In a sense, Hang Love, which features a cover with Dimitri's head in a noose, is a rebirth for the Burning Brides. After going through major-label hell and back, all the while dealing with drug problems and relationship issues that could have destroyed them (Dimitri and bassist Melanie Coats — formerly Campbell — are now happily married), the Brides almost didn't survive.
Hiring a new drummer, ex-Guzzard stickman Pete Beeman, was a move that helped glue the pieces back together.
"We were down and out in L.A., Melanie and myself, and my friend, Aaron North, who plays guitar in Nine Inch Nails, knew we were looking for a drummer — he's a big Burning Brides fan, and he used to be in the Icarus Line, and we toured a bunch back in the day — and he hadn't even auditioned for Nine Inch Nails yet," relates Dimitri. "We were talking about the possibility of maybe putting him in our band as like a crazy sound-texture guy, and he went to see his ex-girlfriend's band play at some small bar here in town and just saw Pete setting up his drums and sort of like taking a couple of whacks at the floor tom, and he could tell just by the way that Pete was setting up his drums that he should stick around and check this guy out. Pete was playing in another band ... and Aaron was just blown away by what he saw. And he went up to Pete and said, 'Listen, my friends in the Burning Brides need a drummer, and you are exactly what they're looking for.' And Pete said, "Really, because this band is breaking up.'"
Dimitri eventually called Beeman and set up an audition. "We flew him out, and he just destroyed the competition, and it was love at first listen," says Coats. "And also, later that night, we went out, and it was clear this kid just had a ton of heart and that he was the real deal. And you know, he f**king drives a motorcycle, does wheelies ... he literally would give you the shirt off his back. He's just uncomplicated, and you could set your watch to the guy. He's exactly what a rock drummer should be. He's a f**king oak tree."
That's about how strong his new guitars are. Made by Mark Fuqua, known around L.A. as guitar repairman to the stars, the guitars are one-of-a-kind, custom-built jobs (Coats says Queens Of The Stone Age plays Fuqua's guitars) that Dimitri treasures.
"I gave Mark an unmastered version of Hang Love, and he just absolutely fell in love with it, started coming to the shows and he's like, 'Listen, I've never built a guitar for anybody before, but I want to take your guitar, I want to find out what you like about it so much, and I want to build a $2,000 version of it — something that will stay in tune, something that you can just beat the f**k out of, and it will do what your guitar does and more, and it might even bring your guitar playing to a new level, and it sure has," explains Coats.

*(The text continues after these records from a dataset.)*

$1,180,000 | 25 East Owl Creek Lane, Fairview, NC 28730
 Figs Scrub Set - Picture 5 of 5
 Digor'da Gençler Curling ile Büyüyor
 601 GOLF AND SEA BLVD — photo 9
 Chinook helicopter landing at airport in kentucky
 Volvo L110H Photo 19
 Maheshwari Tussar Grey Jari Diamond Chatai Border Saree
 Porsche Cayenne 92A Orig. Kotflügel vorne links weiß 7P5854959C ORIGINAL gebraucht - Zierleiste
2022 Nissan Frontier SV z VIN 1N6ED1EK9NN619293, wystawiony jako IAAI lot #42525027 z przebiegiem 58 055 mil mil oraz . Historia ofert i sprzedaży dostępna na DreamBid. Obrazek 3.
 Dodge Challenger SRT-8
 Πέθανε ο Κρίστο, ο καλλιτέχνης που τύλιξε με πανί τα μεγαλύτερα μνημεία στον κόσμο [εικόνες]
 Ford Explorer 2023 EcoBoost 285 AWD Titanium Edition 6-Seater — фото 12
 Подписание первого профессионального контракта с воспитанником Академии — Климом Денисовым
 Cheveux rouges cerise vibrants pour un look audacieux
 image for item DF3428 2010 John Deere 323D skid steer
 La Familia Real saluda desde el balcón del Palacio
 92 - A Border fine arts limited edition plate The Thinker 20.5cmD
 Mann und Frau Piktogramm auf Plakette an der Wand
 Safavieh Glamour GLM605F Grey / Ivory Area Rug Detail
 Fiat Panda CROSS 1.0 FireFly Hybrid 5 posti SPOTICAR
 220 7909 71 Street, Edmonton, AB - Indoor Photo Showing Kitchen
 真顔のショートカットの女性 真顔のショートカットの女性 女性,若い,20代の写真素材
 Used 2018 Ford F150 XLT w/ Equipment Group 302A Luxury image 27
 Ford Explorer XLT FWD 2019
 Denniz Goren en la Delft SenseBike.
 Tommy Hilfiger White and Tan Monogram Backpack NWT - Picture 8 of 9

It even comes with a special coating. ""It's a super-charged version of what I was getting into," says Dimitri. "I even had him put a drop of blood into the paint of the black one, just to give it a little mojo. It changed the color. It's this weird black that you can't really describe. He called it 'vampire black' and he'll never do it again. I feel like when I go out on tour, I'm going out to battle, you see? And I have my two Excaliburs now."